» **TASK DESCRIPTION**: Write out the entries below exactly. End with the line that contains "Надувной коврик inSPORTline".

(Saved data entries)
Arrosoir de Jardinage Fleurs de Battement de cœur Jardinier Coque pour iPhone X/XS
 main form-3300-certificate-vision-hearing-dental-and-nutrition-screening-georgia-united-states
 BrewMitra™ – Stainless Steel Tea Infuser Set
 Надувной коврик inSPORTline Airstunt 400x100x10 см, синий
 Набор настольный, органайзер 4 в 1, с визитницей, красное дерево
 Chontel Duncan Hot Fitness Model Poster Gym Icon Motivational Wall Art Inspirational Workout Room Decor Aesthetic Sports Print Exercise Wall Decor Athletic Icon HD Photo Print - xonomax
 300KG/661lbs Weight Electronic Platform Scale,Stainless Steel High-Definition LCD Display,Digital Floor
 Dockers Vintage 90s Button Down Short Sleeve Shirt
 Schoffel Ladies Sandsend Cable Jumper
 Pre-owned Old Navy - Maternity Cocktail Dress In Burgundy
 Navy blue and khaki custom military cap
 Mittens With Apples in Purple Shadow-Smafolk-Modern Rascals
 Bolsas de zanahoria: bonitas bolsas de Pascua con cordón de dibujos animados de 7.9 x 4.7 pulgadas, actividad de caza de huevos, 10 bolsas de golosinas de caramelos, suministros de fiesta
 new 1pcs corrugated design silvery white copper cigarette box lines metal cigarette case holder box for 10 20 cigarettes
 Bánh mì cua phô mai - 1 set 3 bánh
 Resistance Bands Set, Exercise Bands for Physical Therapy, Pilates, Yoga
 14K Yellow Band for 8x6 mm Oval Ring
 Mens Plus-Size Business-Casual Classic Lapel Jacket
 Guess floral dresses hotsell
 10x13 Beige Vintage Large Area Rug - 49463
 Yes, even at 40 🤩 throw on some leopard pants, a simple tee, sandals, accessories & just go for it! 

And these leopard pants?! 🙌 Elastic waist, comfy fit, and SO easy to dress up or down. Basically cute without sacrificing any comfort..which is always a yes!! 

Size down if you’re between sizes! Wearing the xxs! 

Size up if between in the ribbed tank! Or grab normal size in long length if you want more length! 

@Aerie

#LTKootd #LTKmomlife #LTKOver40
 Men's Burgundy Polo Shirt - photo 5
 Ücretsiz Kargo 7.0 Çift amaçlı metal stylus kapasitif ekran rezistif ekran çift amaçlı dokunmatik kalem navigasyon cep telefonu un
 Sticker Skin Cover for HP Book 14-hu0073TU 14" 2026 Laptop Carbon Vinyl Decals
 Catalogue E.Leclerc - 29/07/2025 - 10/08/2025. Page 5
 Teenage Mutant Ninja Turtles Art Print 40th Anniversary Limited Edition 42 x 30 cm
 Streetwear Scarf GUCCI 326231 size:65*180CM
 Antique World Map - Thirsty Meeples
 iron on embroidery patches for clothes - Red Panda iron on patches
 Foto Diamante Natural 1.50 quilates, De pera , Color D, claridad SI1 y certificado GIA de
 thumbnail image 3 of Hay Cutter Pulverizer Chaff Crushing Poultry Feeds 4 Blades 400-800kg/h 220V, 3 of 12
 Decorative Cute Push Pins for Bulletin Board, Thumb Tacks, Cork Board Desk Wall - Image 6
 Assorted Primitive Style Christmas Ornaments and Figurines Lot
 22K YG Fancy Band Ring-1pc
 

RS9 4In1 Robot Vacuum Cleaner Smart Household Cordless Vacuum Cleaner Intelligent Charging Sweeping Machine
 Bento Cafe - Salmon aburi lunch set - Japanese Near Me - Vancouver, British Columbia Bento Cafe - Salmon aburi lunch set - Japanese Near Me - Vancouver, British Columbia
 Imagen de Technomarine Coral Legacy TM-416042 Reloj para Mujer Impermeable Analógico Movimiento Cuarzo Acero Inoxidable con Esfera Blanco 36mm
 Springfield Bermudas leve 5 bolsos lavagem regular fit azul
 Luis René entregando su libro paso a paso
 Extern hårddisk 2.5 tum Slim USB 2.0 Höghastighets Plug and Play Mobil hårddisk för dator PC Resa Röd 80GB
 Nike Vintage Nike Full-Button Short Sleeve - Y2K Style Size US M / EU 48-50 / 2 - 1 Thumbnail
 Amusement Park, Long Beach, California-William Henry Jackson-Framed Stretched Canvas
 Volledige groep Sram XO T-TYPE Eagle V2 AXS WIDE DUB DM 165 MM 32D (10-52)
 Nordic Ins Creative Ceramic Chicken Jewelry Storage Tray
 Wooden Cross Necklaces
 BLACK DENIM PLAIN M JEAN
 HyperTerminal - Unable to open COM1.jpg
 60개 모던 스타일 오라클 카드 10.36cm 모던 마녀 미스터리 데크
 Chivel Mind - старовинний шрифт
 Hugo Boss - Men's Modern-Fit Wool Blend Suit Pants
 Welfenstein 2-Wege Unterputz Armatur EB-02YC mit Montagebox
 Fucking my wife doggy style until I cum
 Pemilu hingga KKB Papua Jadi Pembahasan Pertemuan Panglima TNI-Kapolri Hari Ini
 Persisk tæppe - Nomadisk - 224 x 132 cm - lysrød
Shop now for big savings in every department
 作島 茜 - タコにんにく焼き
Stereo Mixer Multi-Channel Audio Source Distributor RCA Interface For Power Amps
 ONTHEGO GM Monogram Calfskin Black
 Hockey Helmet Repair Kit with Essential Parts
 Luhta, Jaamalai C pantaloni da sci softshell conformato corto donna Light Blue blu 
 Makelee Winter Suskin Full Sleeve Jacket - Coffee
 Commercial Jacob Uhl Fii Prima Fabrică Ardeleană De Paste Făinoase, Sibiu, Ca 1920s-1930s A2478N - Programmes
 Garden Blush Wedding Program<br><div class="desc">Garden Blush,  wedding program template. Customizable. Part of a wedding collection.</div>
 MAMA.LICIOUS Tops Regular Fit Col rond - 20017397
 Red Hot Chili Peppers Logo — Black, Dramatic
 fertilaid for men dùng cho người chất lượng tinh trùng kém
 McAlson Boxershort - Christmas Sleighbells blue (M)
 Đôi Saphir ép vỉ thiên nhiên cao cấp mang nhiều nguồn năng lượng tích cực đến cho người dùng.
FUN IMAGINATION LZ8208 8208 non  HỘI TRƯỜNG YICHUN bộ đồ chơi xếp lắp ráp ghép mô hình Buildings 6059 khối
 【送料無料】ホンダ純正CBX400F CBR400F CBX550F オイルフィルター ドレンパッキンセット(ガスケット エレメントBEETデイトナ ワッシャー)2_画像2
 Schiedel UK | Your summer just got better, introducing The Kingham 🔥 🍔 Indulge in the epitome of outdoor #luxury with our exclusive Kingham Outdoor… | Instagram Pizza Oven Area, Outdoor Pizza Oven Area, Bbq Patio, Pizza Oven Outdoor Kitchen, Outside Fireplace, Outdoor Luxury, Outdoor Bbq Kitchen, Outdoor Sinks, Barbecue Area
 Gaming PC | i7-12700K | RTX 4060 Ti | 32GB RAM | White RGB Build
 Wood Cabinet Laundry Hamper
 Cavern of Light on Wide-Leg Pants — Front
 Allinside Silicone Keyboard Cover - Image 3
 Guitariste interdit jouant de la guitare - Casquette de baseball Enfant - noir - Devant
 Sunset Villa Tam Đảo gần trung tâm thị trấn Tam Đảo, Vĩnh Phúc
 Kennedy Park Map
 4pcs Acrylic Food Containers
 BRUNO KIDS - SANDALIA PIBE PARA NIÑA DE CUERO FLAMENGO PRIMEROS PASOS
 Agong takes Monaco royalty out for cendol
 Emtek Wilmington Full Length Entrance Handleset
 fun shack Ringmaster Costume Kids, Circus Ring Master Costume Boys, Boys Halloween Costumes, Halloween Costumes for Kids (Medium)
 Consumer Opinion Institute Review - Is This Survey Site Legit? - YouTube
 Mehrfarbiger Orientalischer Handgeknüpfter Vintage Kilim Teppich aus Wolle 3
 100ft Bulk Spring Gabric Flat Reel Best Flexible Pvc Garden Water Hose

» **PROBLEM SOLUTION**:
Arrosoir de Jardinage Fleurs de Battement de cœur Jardinier Coque pour iPhone X/XS
 main form-3300-certificate-vision-hearing-dental-and-nutrition-screening-georgia-united-states
 BrewMitra™ – Stainless Steel Tea Infuser Set
 Надувной коврик inSPORTline Airstunt 400x100x10 см, синий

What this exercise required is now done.